Applications for the projects were requested last fall from University and Mayo Clinic researchers. Each research proposal has a principal investigator from each institution and must be a project that could not be completed by either organization on its own. Funding is for two years, with the goal of developing intellectual property or attracting additional research support from federal government or private sources.
The Minnesota Partnership for Biotechnology and Medical Genomics is a collaboration among the University of Minnesota, Mayo Clinic and the State of Minnesota. To learn more about the Partnership, go to www.minnesotapartnership.info.
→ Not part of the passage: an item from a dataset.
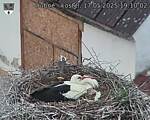 Capi_Dubne_20250517_191002.jpg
The awards will fund research for these projects:
New Generation Oncolytic Adenovirus for Refractory Cancers — $957,093
Masato Yamamoto, M.D., Ph.D., University of Minnesota; and John Morris III, M.D., Mayo Clinic
The goal of this project is to develop viral constructs that will have clinical impact on such cancers as prostate, breast, pancreatic, esophageal and lung and bring them to the threshold of clinical trials.
Towards Gene Therapy of Friedreich Ataxia and Other Mitochondrial Diseases — $904,102
Michael Koob, Ph.D., University of Minnesota; and Grazia Isaya, M.D., Ph.D., Mayo Clinic
This team has developed technology to engineer the mitochondrial genome in mammals and wants to use it to develop a gene therapy for Friedreich ataxia, a genetic neurodegenerative disease that causes muscle paralysis in the lower extremities.
Small Molecule Screens for Selective Growth Inhibitors in a Yeast Model of Familial Paraganglioma — $723,690
Gunda Georg, Ph.D., University of Minnesota; and Jim Maher, Ph.D., Mayo Clinic
The goal is to develop novel drugs that would stop small neuroendocrine tumors from becoming malignant cancers.
Cell Therapy of Cardiac Arrhythmias — $828,040
Robert Tranquillo, Ph.D., University of Minnesota; and Douglas Packer, M.D., Mayo Clinic
This team aims to discover cell–based therapies for arrhythmias and develop them for treating cardiac patients.
High–Resolution Nano–LAMP Microarrays to Measure the Binding Strength of Therapeutic Human Natural Auto–Antibodies on Target Cell–Surface Antigens — $1,078,000
Sang–Hyun Oh, Ph.D., University of Minnesota; and Moses Rodriguez, M.D., Mayo Clinic
The goal is to develop a nano–device to measure binding strength of antibodies on the surface of cells. The technique could impact multiple sclerosis, Alzheimer’s disease, Parkinson’s disease and spinal cord injuries.
Hydrogen Sulfide: From Toxic Molecule to Therapeutic Agent — $895,000
Michael Levitt, M.D., University of Minnesota; and Joseph Szurszewski, Ph.D., Mayo Clinic
The goal is to develop sulfide–based drugs to treat inflammatory bowel diseases such as ulcerative colitis and Crohn’s disease.